Beneath this line are the data; copy exactly the part of them that opens with the line containing "Dr. Reckeweg Natrum" and closes with the line containing "China Wholesale Kids", and only that part.

# Data extract
= Beginning of Section =
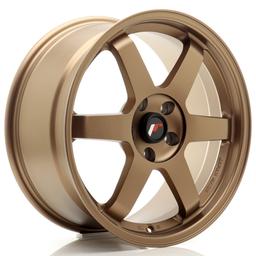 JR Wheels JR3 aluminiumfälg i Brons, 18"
= End of Section =
= Beginning of Section =
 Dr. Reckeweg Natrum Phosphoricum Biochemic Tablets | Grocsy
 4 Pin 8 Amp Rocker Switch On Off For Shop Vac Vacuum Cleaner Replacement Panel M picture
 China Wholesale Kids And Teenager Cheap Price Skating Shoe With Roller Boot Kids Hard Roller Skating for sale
= End of Section =
# Result for this task
 Dr. Reckeweg Natrum Phosphoricum Biochemic Tablets | Grocsy
 4 Pin 8 Amp Rocker Switch On Off For Shop Vac Vacuum Cleaner Replacement Panel M picture
 China Wholesale Kids And Teenager Cheap Price Skating Shoe With Roller Boot Kids Hard Roller Skating for sale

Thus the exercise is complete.